Сказать подобное навряд ли кто еще другой в Европе мог бы. Нигде народная песнь не играла и не играет такой роли, как в нашем народе, нигде она уже не сохранилась в таком богатстве, силе и разнообразии, как у нас. Это дало особый склад и физиономию русской музыке и призвало ее к своим особенным задачам.
Даром что помещик, и притом долго живший все только в провинциальном захолустье, а потом в столичном чиновничьем мире, Глинка прошел сам собою и, можно сказать, почти вовсе без посторонних учителей такую школу техники и знакомства с европейскими музыкальными произведениями, каких не было в его время ни у одного другого русского музыканта. Он учился (почти вовсе без учителей), всего более играя на фортепиано, в четыре и две руки, а иногда и слушая в оркестре квартеты, симфонии, увертюры Моцарта, Гайдна, Бетховена, Вебера, а из тогдашних всеобщих любимцев — Керубини, Спонтини, Мегюля, Буальдье, Россини; Баха же и его „Wohltemperiertes Klavir“ Глинка начал знать со своего еще 24-летнего возраста.

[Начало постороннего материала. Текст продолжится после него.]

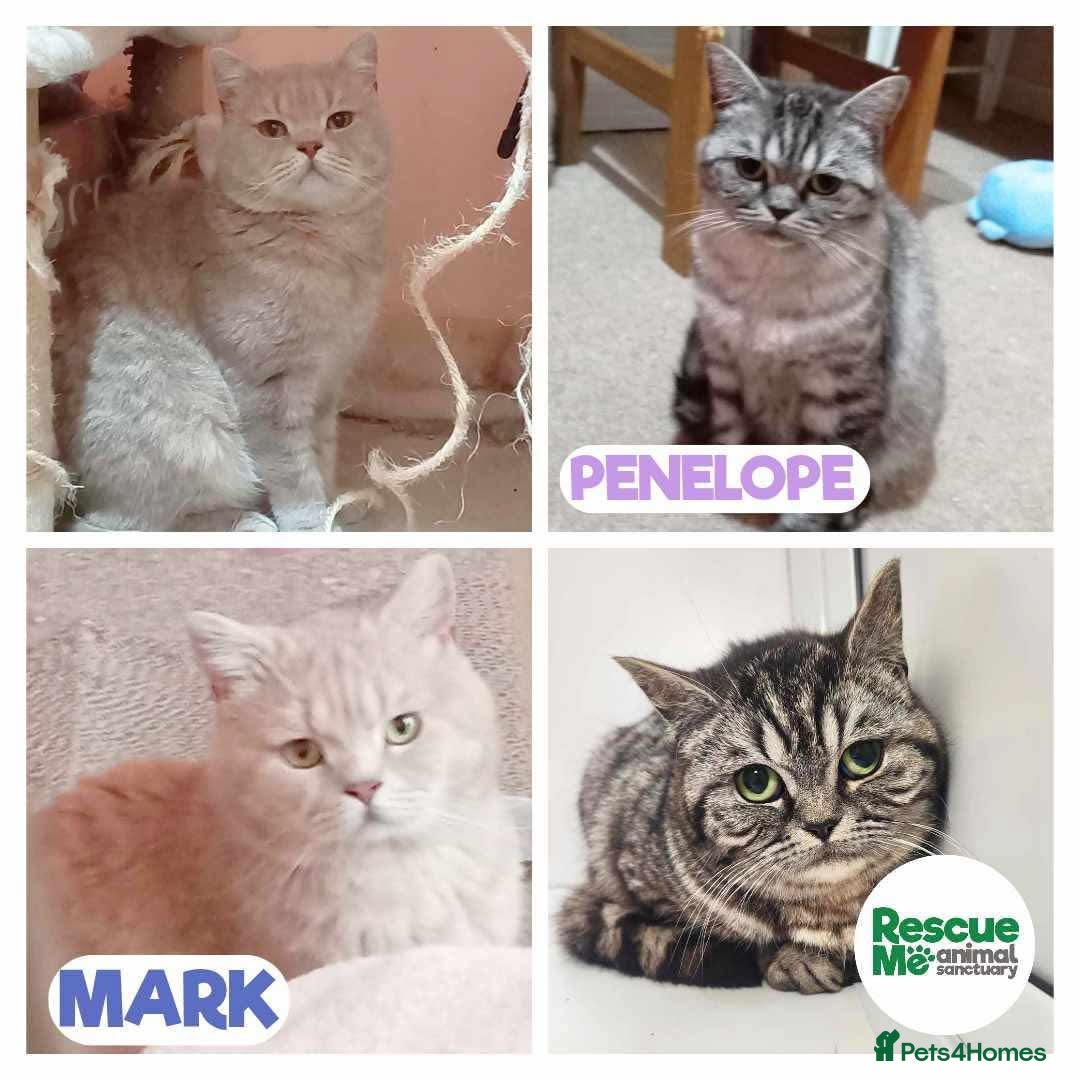 British Shorthair cats for adoption: Mark & Penelope  - Image 1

26 лет Глинка поехал в Италию и прожил там четыре года. В 1834 году он воротился в Россию с несколькими очень важными приобретениями.
Первое было то, что он перестал веровать, как все тогда веровали, в музыкальность Италии. Он ничему там не научился, кроме разве небольшого уменья владеть голосами. Но вместе с тем, он там еще дал себе зарок: „не писать для итальянских примадонн“. Итальянское пение и сочинения он перестал одобрять и убедился, что „искренно не может быть итальянцем. Тоска по отчизне навела его на мысль писать по-русски“.
Второе было то, что он около 5 месяцев учился в Берлине, у профессора Дена, музыкальной теории. Чему он научился в этот короткий срок — того хватило с лихвой на всю его жизнь. Притом же он мало верил в музыкальную науку. „Мне как-то не удалось, — говорит он, — познакомиться в Петербурге (в 1824 году) со знаменитым контрапунктистом Миллером. Как знать! Может быть, оно и лучше. Строгий немецкий контрапункт не всегда полезен пылкой фантазии“.
Третье было то, что ему в голову запала мысль о „русской опере“. Еще в молодости, скоро после выпуска из пансиона, Глинка много работал на русские темы, но то были только небольшие песни, хоры, фортепианные вещи — в том числе он пробовал сочинить увертюру-симфонию на круговую русскую тему, которая, впрочем, сам он говорит, „была разработана по-немецки“. Теперь же он задумал нечто совсем другое, в сто раз более важное, широкое, оригинальное и великое — целую русскую оперу.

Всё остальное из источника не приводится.